Le principal du collège fait preuve de la même gentillesse. Il souhaite la bienvenue à chacun d’entre nous.
Dans la cour, nos regards sont happés par la photo des jeunes victimes. Elle rappelle que les noms ont eu un visage... Hélas, le quatrième minois, celui d'Hélène Stern, nous manque...



Mais voilà qu’il faut ressortir du collège, pour dévoiler en premier lieu une plaque apposée à l’extérieur de l’établissement.

Michèle Merowka et Denise Holstein, 
en belle compagnie.

Je ne ferai pas ici la liste des officiels invités. Elle figurera dans le billet annoncé plus haut. Toujours est-il que l’un d’entre eux était préposé au dévoilement qui, je le précise pour les non-initiés, consiste à tirer le drapeau bleu-blanc-rouge qui dissimule la plaque jusqu’à ce moment solennel. 

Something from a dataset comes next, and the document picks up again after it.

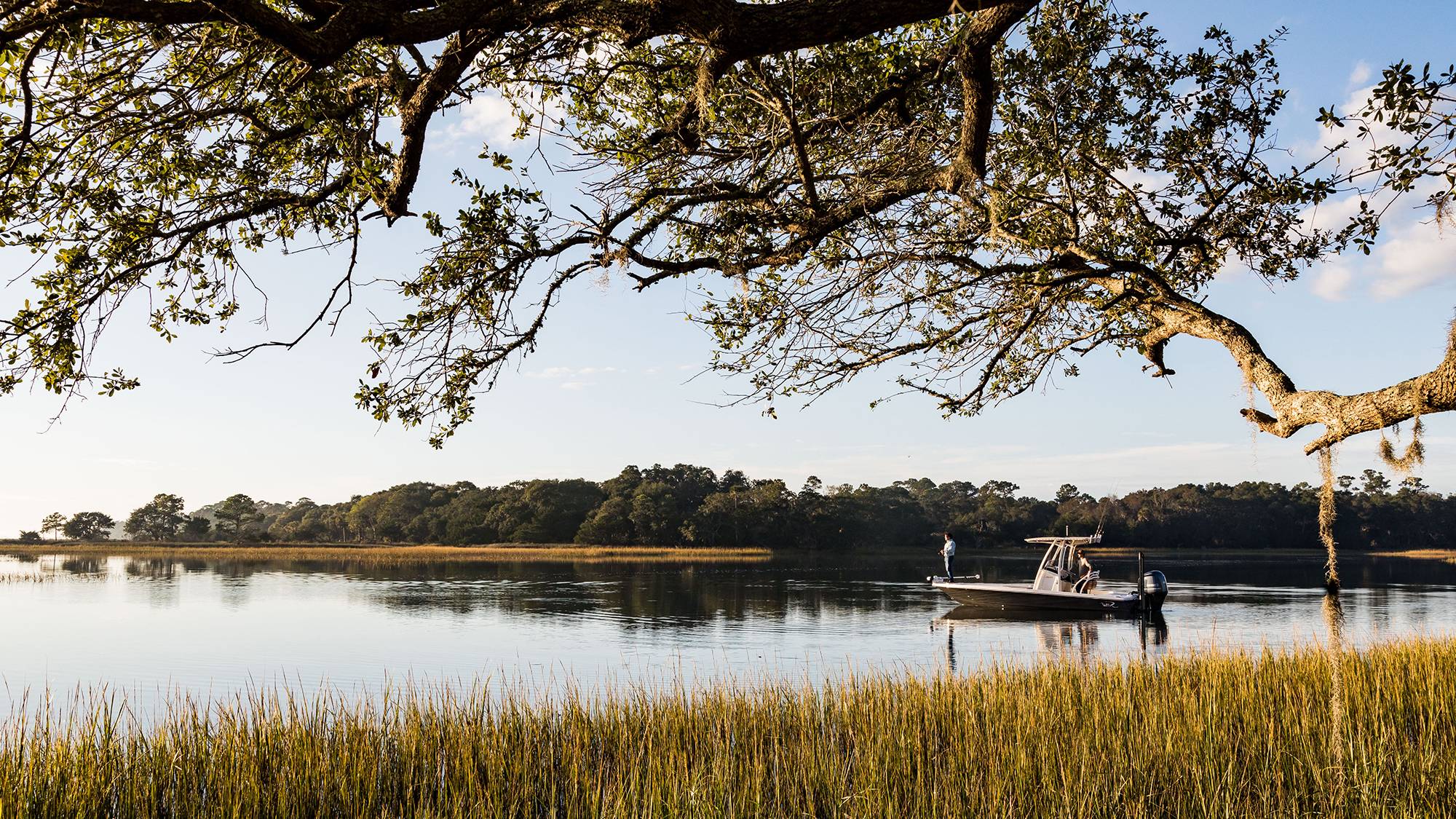 Live oaks over the Kiawah River at The Dunlin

Bien sûr, ce serait trop simple si ce morceau de tissu capitulait sans se rebeller face à l’ordre donné. La ficelle se rompt. Le drapeau ne bouge pas. Et là, bien sûr, on ne peut que rire tous ensemble, et encore plus quand le grand monsieur préposé au geste officiel monte sur la pointe des pieds, et tire bien fort sur le drapeau, qui cède enfin à son autorité bienveillante (c’est comme ça qu’on dit).
Les rires s’étouffent.
Le texte est dévoilé.
Chaque phrase en est lue par une voix enfantine.
Les sanglots se coincent dans les gorges.


Puis nous rentrons dans l’enceinte du collège, pour rejoindre nos sièges, dans la cour, devant la seconde plaque, celle qui porte les noms des 4 petites filles qui ont été déportées, parties de leur école, disparues d’Antibes, sans que quiconque sût alors ce qui leur était arrivé.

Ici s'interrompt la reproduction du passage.